What is required: Could you restate word for word only the lines below from the one holding "CHOSUNGAH Mega Fit" to the one holding "Edge Storge de", inclusive, and leave out the pictures?

Material provided:
————————
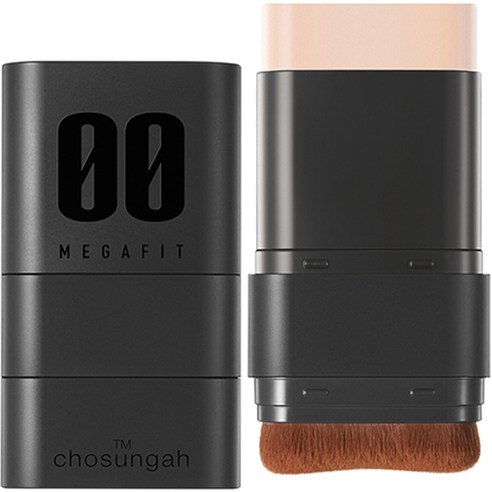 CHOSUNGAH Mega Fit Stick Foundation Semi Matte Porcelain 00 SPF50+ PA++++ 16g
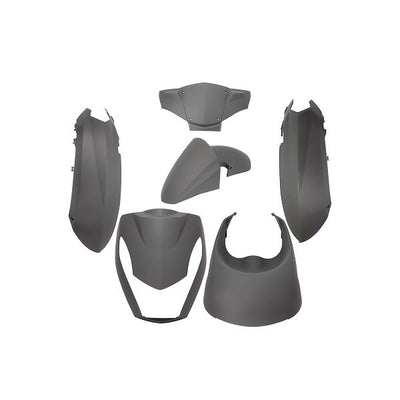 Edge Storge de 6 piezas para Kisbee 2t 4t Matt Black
————————
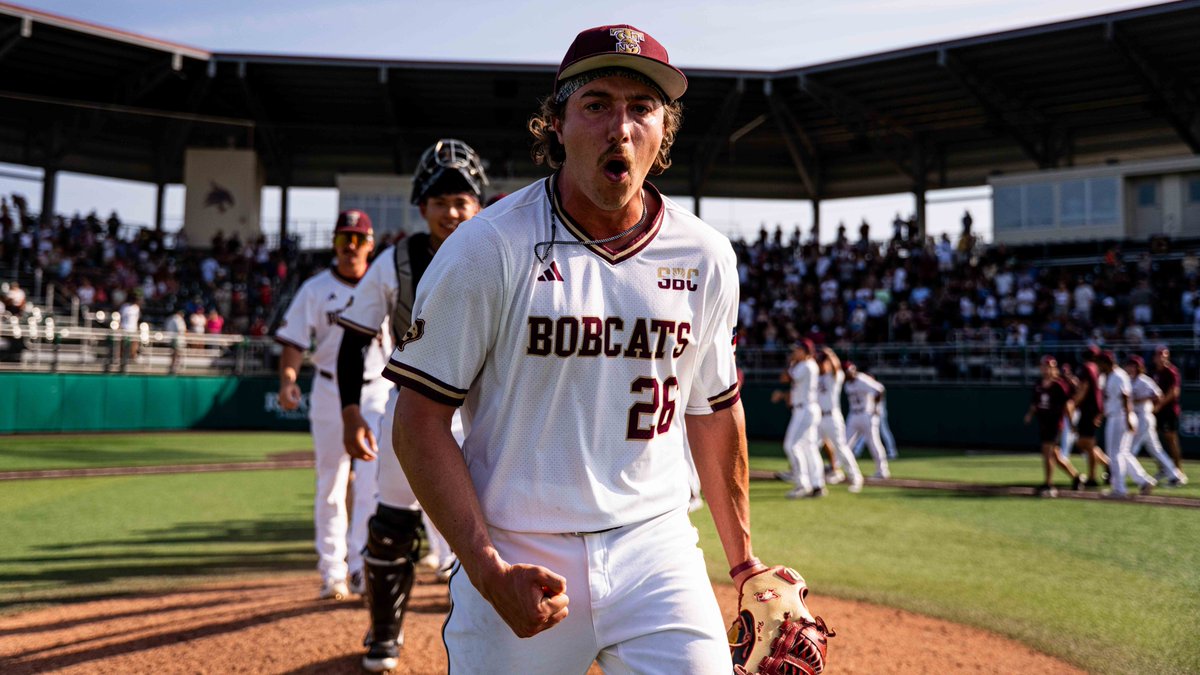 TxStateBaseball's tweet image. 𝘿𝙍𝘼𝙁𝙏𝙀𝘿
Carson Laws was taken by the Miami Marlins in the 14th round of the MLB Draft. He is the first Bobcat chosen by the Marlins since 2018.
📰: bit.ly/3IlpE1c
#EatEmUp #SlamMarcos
————————
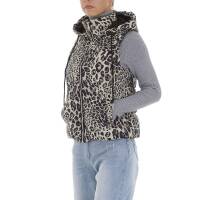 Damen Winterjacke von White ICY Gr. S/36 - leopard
————————
Result below:
 CHOSUNGAH Mega Fit Stick Foundation Semi Matte Porcelain 00 SPF50+ PA++++ 16g
 Edge Storge de 6 piezas para Kisbee 2t 4t Matt Black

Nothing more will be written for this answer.